Crawled caption data:
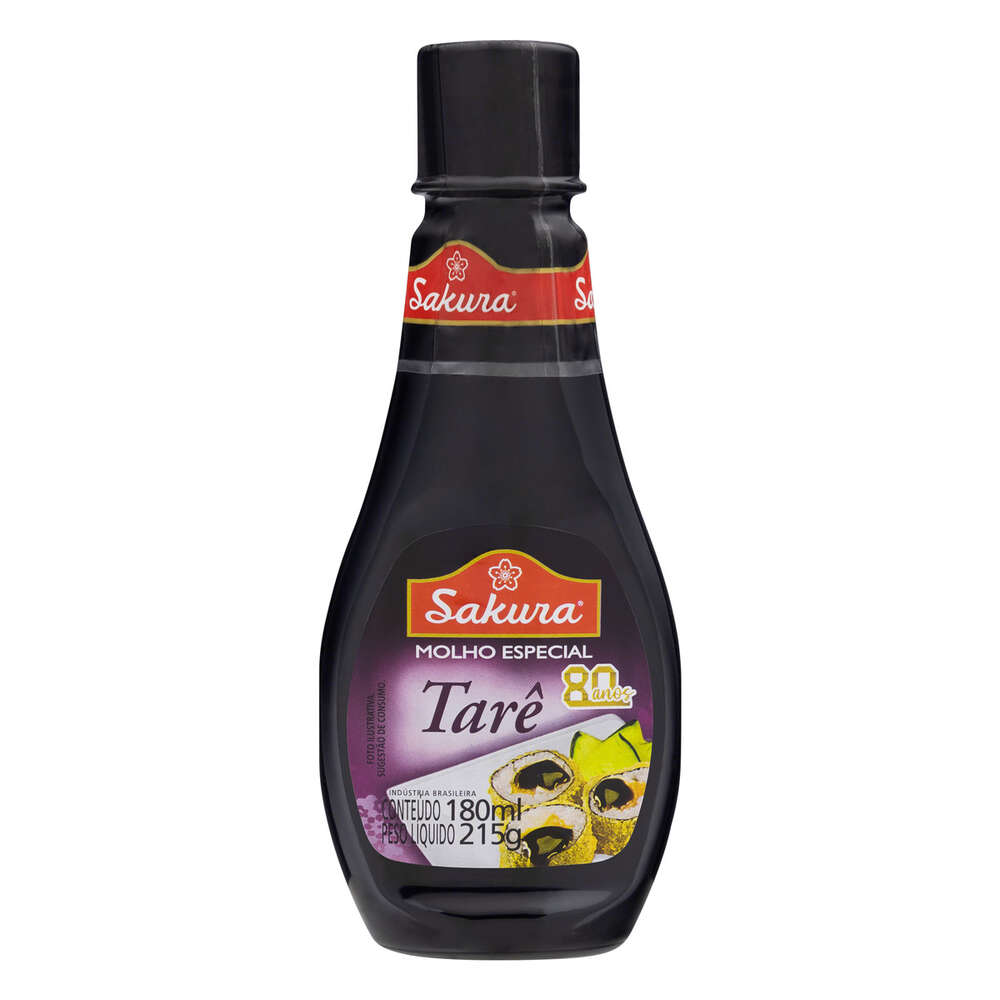 Molho Especial Tarê  Sakura 180 mL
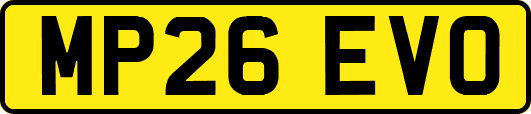 MP26EVO
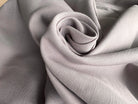 TISSU COTON ARMURÉ GRIS TAUPE - My Little Coupon - tissu - coudre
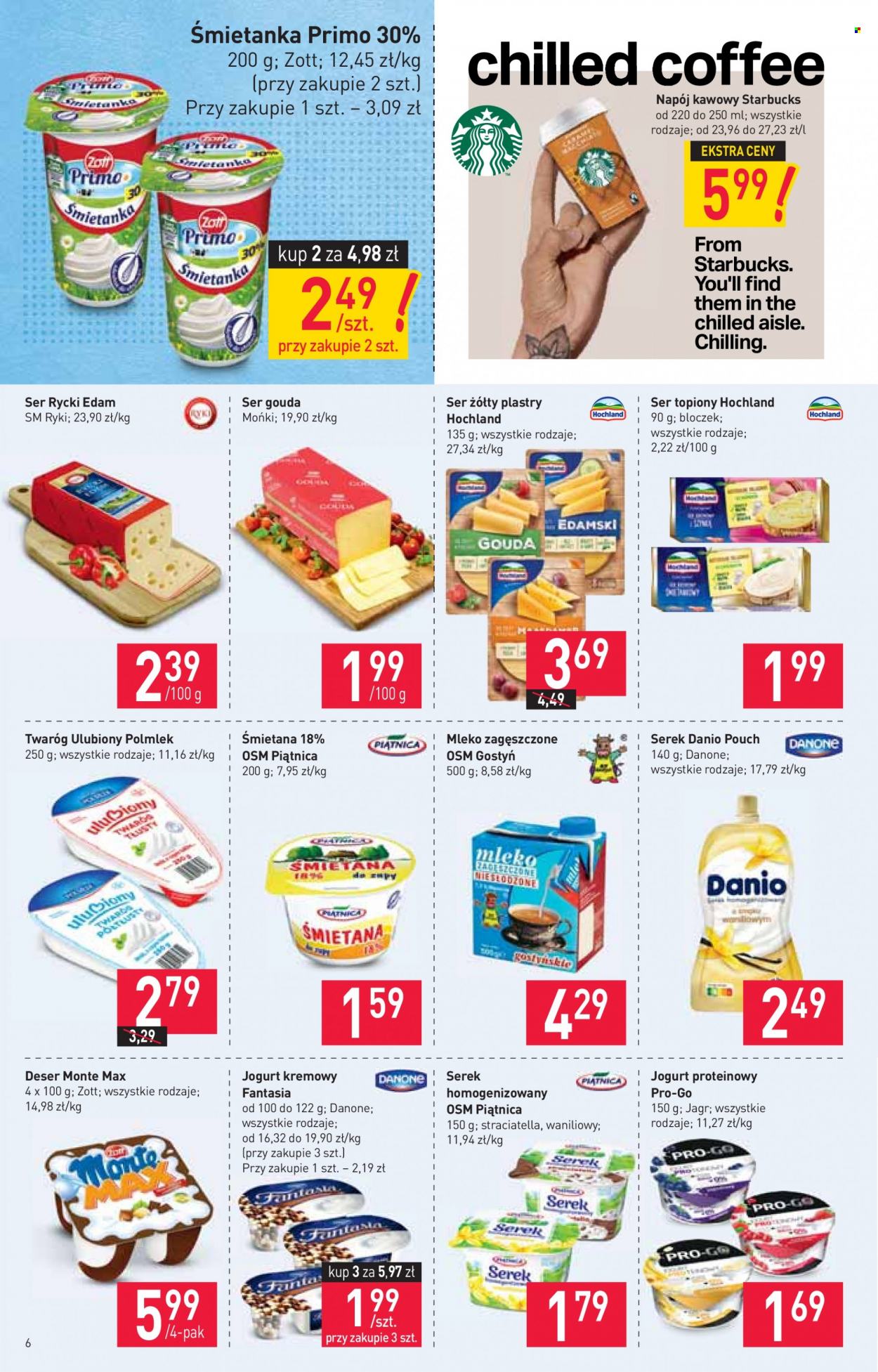 Gazetka Stokrotka Supermarket - 23.09.2021 - 29.09.2021. Strona 6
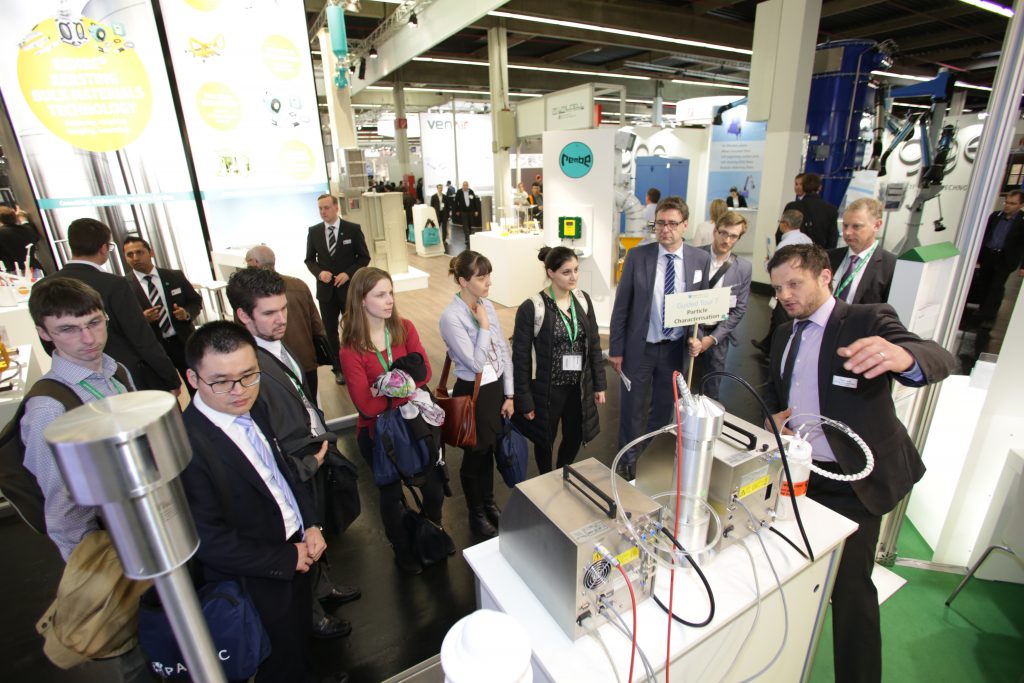 Topacademici op Partec Congres featured image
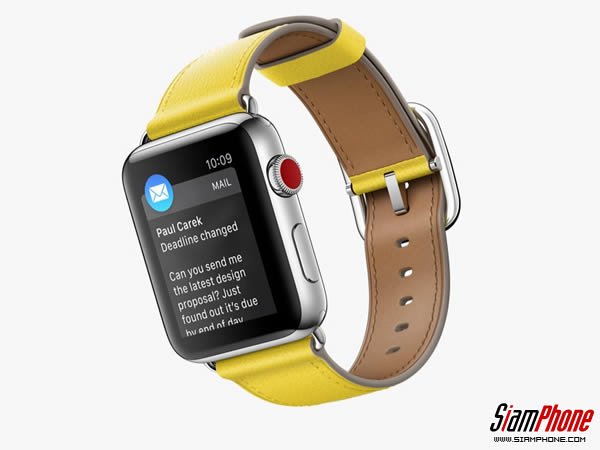 apple watch 3 cellular ais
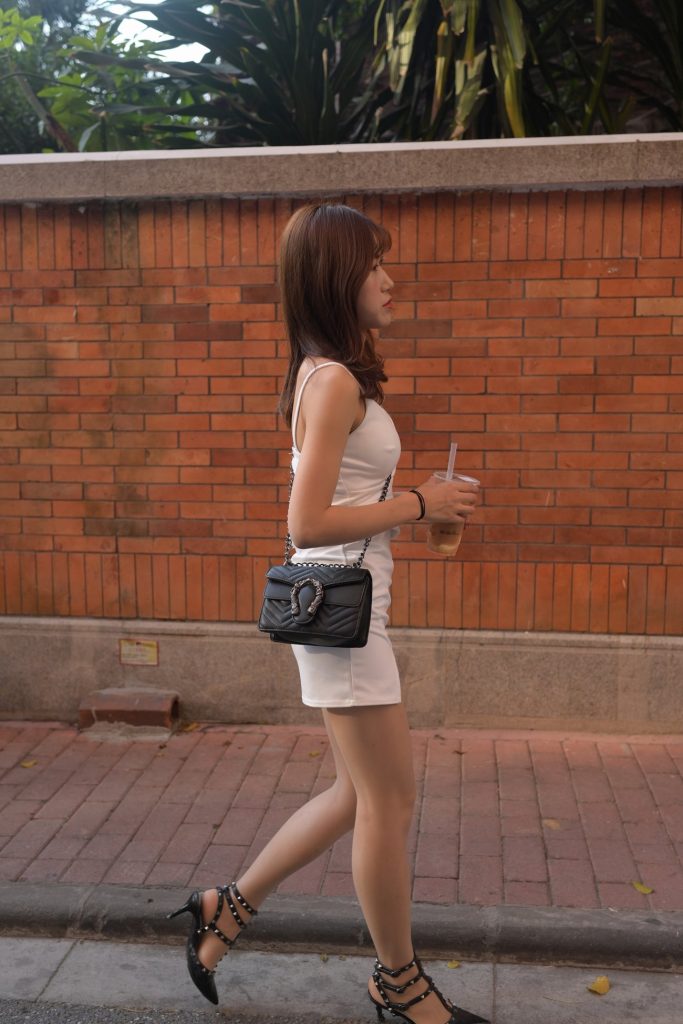 精選街拍 No.396 白色短裙 一 [84P/78M]插圖3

• [Description of the task] Beginning with the line that contains "TISSU COTON ARMURÉ" and ending with the last line of the data, transcribe each line exactly; pictures stay out.

• [Answer below]
 TISSU COTON ARMURÉ GRIS TAUPE - My Little Coupon - tissu - coudre
 Gazetka Stokrotka Supermarket - 23.09.2021 - 29.09.2021. Strona 6
 Topacademici op Partec Congres featured image
 apple watch 3 cellular ais
 精選街拍 No.396 白色短裙 一 [84P/78M]插圖3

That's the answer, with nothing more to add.